Please link relevant resources if necessary.


## Before submitting

- [ ] This PR fixes a typo or improves the docs (you can dismiss the
other checks if that's the case).
- [ ] Ran pre-commit to handle lint / formatting issues.
- [ ] Read the [contributor
guideline](https://github.com/meta-llama/llama-stack/blob/main/CONTRIBUTING.md),
      Pull Request section?
- [ ] Updated relevant documentation.
- [ ] Wrote necessary unit or integration tests.
---
 llama_stack/distribution/library_client.py | 130 +++++----------------
 1 file changed, 31 insertions(+), 99 deletions(-)
diff --git a/llama_stack/distribution/library_client.py b/llama_stack/distribution/library_client.py
index 50af2cdea..0c124e64b 100644
--- a/llama_stack/distribution/library_client.py
+++ b/llama_stack/distribution/library_client.py
@@ -9,12 +9,10 @@ import inspect
 import json
 import logging
 import os
-import queue
-import threading
 from concurrent.futures import ThreadPoolExecutor
 from enum import Enum
 from pathlib import Path
-from typing import Any, Generator, get_args, get_origin, Optional, TypeVar
+from typing import Any, get_args, get_origin, Optional, TypeVar
 
 import httpx
 import yaml
@@ -64,71 +62,6 @@ def in_notebook():
     return True
 
 
-def stream_across_asyncio_run_boundary(
-    async_gen_maker,
-    pool_executor: ThreadPoolExecutor,
-    path: Optional[str] = None,
-    provider_data: Optional[dict[str, Any]] = None,
-) -> Generator[T, None, None]:
-    result_queue = queue.Queue()
-    stop_event = threading.Event()
-
-    async def consumer():
-        # make sure we make the generator in the event loop context
-        gen = await async_gen_maker()
-        await start_trace(path, {"__location__": "library_client"})

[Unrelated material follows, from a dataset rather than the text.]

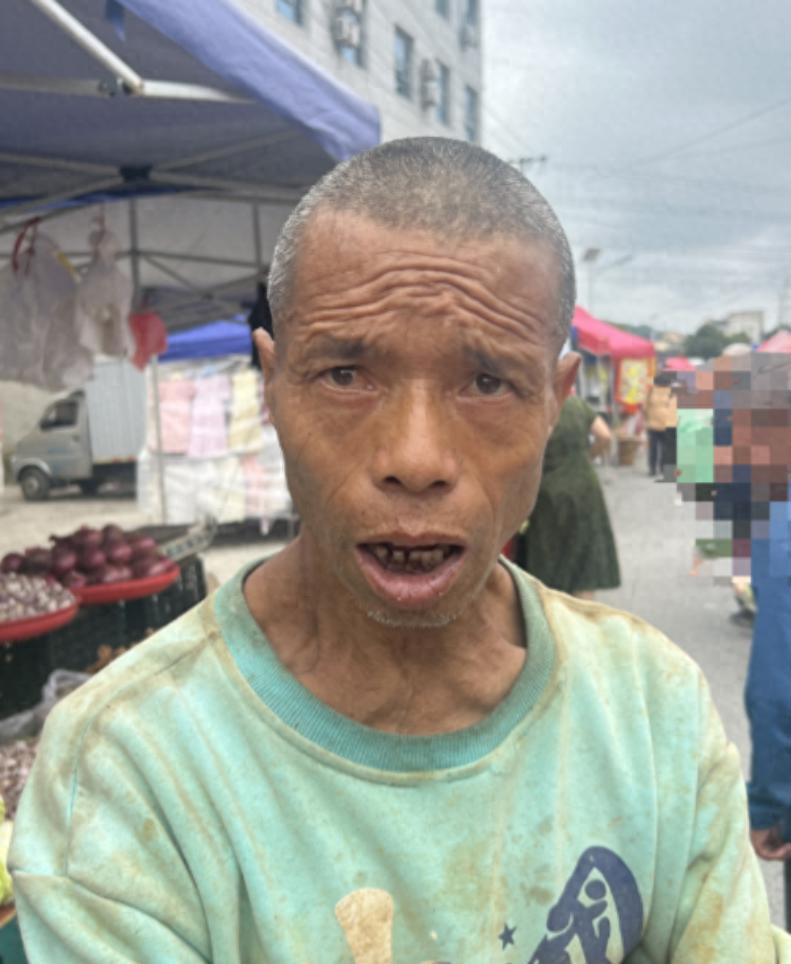 走失者照片 黔南州寻亲：五旬男子被救助，穿浅蓝...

-        if provider_data:
-            set_request_provider_data(
-                {"X-LlamaStack-Provider-Data": json.dumps(provider_data)}
-            )
-        try:
-            async for item in await gen:
-                result_queue.put(item)
-        except Exception as e:
-            print(f"Error in generator {e}")
-            result_queue.put(e)
-        except asyncio.CancelledError:
-            return
-        finally:
-            result_queue.put(StopIteration)
-            stop_event.set()
-            await end_trace()
-
-    def run_async():
-        # Run our own loop to avoid double async generator cleanup which is done
-        # by asyncio.run()
-        loop = asyncio.new_event_loop()
-        asyncio.set_event_loop(loop)
-        try:
-            task = loop.create_task(consumer())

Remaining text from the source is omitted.